Effective Curriculum Models for Social Media Training



Submitted by admin on Thu, 02/27/2014 - 15:20

Any effective curriculum models for social media-based training must start with the audience and an understanding of what motivates them towards social media and related interactions.

It’s not just the curriculum, but the method and practice of teaching/learning must transform to embrace these ‘social norms’ … sort of like “Education 2.0”.

Adding a social media platform to “old world” teaching approaches will not work.

These are some of the approaches that Mr. Azhar Azib, Founder/Principal of Rawonion Decisions, Singapore suggested in his presentation during the session on ‘Effective Curriculum Models for Social Media-Based Training’ at the 2nd International Conference on Broadcast Training on 25 February 2014 in Kuala Lumpur, Malaysia.

As a marketer and management consultant, Mr. Azib recommended possible models. These are:

  • Authentic (teaching/learning) processes that take advantage of what teachers and their students already do in real life. They are tweeting or blogging or sharing on Facebook. Sometimes they are doing so in selective circles, but the tools are designed to be open (not closed and controlled like an LMS) and membership is open to any and all interested parties.
  • Control desired by educators and administrators will cripple engagement. The strength of a social tool is its use in social and informal contexts. Take those away and you have a formal and boring curriculum.
  • Design tasks/activities so that content, skills and/or attitudes are learnt as they engage socially.
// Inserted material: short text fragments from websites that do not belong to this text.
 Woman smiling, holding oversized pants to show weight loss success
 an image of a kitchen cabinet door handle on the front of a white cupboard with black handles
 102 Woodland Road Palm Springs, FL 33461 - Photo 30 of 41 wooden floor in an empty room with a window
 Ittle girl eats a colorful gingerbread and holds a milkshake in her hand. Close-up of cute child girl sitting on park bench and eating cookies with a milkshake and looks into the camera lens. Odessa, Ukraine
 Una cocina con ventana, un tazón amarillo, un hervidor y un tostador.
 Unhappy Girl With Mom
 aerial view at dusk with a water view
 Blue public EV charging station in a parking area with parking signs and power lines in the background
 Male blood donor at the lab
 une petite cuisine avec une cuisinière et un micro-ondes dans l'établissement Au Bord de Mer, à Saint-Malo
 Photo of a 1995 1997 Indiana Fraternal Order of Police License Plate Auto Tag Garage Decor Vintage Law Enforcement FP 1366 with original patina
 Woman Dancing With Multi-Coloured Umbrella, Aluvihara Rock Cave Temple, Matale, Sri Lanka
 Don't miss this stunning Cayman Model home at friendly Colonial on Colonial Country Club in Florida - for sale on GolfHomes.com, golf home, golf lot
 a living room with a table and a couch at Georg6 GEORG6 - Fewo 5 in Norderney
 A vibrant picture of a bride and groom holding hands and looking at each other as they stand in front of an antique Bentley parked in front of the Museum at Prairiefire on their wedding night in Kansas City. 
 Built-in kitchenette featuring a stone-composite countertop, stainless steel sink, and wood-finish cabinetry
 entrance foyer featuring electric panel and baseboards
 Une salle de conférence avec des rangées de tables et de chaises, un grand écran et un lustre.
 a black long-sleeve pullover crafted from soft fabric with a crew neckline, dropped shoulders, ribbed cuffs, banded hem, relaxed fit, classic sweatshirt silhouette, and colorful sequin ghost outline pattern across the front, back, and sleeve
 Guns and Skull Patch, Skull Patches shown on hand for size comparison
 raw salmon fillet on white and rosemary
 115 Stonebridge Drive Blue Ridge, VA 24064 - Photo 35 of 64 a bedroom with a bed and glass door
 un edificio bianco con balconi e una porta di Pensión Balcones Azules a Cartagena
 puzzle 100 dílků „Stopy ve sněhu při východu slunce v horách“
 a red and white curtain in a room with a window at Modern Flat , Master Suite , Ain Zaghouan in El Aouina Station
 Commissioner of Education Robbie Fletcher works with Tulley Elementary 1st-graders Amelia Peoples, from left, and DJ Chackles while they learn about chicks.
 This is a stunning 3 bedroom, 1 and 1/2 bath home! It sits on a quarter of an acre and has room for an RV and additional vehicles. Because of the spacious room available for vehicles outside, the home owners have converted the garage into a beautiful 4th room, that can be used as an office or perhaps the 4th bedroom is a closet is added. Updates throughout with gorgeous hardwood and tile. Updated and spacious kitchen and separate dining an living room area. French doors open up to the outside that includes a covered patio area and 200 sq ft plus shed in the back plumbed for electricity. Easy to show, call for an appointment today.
Sometimes the learning happens as they interact; sometimes it happens after.
  • Learners benefit by extending their network beyond ‘class and faculty’.
  • Gamification: Fun, clear goals, achievement oriented, strategy + creativity

To succeed, he said educators and curriculum designers must understand dynamics of social media and its ‘inhabitants’. Participants must be ‘digital natives’ and the curriculum must promote or require active engagement – sharing, collaboration.

“Participants must see benefit of extended networking and must promote a culture of peer review, including feedback, and comments,” he added.